21. (suite) Mener la vie des moines vouée à la science implique donc non seulement qu’on connaisse parfaitement par l’ascèse et comme il faut l’usage de l’intelligence et de la parole, de la réflexion et des sens, mais aussi qu’on discerne ce qu’il faut donner à l’ardeur et au désir, qu’on apprenne sagement par l’action et la contemplation à bien former en soi, grâce à la connaissance naturelle de la réflexion, la belle harmonie ordonnée des puissances de l’âme, et à chanter la mélodie intellectuelle, pour autant qu’elle aussi soit infiniment douce.

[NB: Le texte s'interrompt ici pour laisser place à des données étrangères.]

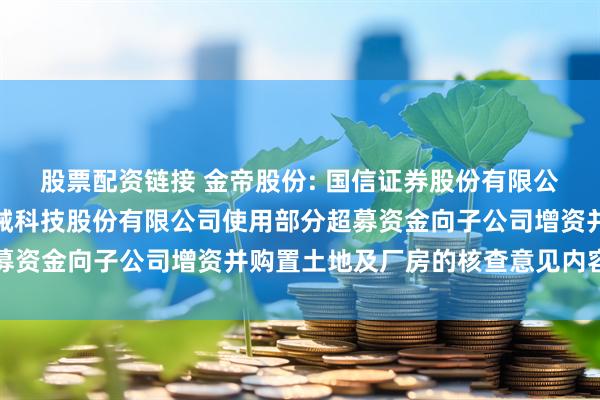 股票配资链接 金帝股份: 国信证券股份有限公司关于山东金帝精密机械科技股份有限公司使用部分超募资金向子公司增资并购置土地及厂房的核查意见内容摘要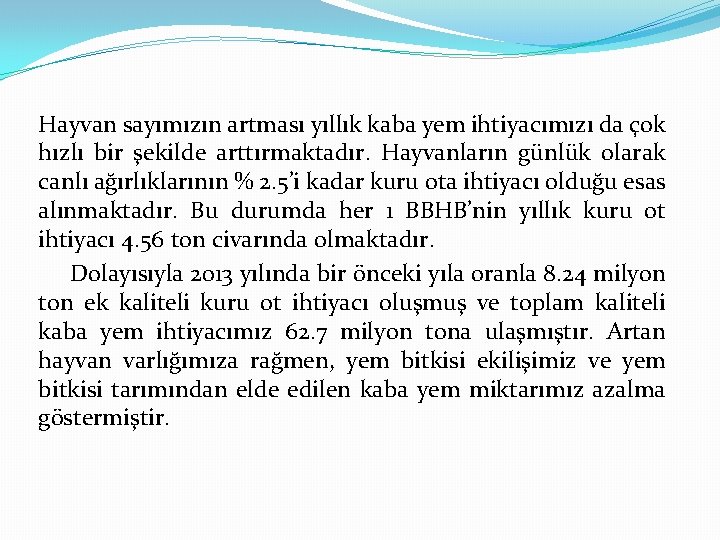 Hayvan sayımızın artması yıllık kaba yem ihtiyacımızı da çok hızlı bir şekilde arttırmaktadır. Hayvanların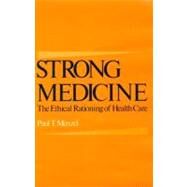 Strong Medicine The Ethical Rationing of Health Care by Menzel, Paul T., 9780195057102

Ainsi la paix de Dieu, la paix bien-aimée, et la joie qu’elle engendre, toute en grâce et en saint amour, viennent reposer dans le moine initié à la vraie prière et paré des fruits de l’Esprit.

Donc celui qui a décidé qu’il lui faut, par tous les moyens et de toute manière, prier continuellement, comme le demande l’Apôtre (Cf. I Thes. 5,17), et qui fait de cette prière le cœur même de son action, a été compté parmi les disciples du Christ. En suivant leurs conseils touchant la prière sacrée, il est devenu enfant de la grâce dans le Christ.